=== Begin Enclosure ===
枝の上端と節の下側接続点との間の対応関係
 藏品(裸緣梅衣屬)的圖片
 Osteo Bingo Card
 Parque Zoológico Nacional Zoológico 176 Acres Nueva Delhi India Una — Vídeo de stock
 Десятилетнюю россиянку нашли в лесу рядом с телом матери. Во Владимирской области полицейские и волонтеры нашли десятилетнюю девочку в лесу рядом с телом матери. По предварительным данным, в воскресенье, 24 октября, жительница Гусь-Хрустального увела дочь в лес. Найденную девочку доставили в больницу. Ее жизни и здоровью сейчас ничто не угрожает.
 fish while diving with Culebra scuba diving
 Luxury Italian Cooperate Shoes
=== End Enclosure ===
What this task involves — Please return only the lines from the one with "fish while diving with Culebra scuba diving" through the end of the listing, each exactly as written, first and last included.

Exercise response —
 fish while diving with Culebra scuba diving
 Luxury Italian Cooperate Shoes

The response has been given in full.